▶ **Exercise requirements**
Look through the entries below and extract exactly the lines from the one containing "Campo de antena grande." through the one containing "BARETRAPS 8.5 Brown Boots", ends included.

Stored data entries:
.....

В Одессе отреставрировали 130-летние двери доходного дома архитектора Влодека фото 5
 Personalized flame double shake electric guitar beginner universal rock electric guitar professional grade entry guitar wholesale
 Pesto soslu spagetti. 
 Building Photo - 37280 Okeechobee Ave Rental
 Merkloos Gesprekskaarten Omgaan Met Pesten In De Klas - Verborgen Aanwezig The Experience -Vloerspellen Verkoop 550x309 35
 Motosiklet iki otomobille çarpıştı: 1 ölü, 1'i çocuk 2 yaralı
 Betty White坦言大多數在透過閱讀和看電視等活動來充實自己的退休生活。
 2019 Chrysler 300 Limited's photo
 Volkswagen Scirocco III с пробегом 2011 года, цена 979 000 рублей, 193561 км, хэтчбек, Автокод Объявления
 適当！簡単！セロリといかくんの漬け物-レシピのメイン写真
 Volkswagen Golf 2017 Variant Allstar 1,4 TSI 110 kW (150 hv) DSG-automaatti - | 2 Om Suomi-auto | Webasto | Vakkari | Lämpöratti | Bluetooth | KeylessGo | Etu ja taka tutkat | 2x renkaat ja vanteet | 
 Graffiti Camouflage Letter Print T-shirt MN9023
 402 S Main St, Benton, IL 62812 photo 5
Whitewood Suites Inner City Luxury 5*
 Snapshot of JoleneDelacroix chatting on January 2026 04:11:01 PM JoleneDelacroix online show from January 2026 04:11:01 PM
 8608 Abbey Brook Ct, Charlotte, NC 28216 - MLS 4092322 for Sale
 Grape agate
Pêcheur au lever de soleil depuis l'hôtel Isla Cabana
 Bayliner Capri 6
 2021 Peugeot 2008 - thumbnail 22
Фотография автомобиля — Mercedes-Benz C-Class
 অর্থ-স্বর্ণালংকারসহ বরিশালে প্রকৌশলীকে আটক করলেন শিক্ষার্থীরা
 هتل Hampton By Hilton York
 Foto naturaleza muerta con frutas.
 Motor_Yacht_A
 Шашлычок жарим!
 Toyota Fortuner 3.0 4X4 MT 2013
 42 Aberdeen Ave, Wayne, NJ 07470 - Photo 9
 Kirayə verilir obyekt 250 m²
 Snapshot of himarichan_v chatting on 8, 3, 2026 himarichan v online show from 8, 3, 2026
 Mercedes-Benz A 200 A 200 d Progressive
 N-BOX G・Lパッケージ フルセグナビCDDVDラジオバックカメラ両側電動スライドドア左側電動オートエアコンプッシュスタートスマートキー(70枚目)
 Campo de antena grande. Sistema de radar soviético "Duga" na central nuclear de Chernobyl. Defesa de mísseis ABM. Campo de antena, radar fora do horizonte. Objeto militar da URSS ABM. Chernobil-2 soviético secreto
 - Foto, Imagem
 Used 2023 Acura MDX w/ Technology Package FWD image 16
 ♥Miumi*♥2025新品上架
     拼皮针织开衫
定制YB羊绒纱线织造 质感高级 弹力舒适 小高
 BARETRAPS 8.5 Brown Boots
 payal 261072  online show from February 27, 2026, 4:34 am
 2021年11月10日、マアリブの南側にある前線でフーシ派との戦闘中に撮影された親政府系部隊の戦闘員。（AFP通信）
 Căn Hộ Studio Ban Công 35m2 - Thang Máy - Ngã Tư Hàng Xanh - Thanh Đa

.....

▶ **Exercise output**
 Campo de antena grande. Sistema de radar soviético "Duga" na central nuclear de Chernobyl. Defesa de mísseis ABM. Campo de antena, radar fora do horizonte. Objeto militar da URSS ABM. Chernobil-2 soviético secreto
 - Foto, Imagem
 Used 2023 Acura MDX w/ Technology Package FWD image 16
 ♥Miumi*♥2025新品上架
     拼皮针织开衫
定制YB羊绒纱线织造 质感高级 弹力舒适 小高
 BARETRAPS 8.5 Brown Boots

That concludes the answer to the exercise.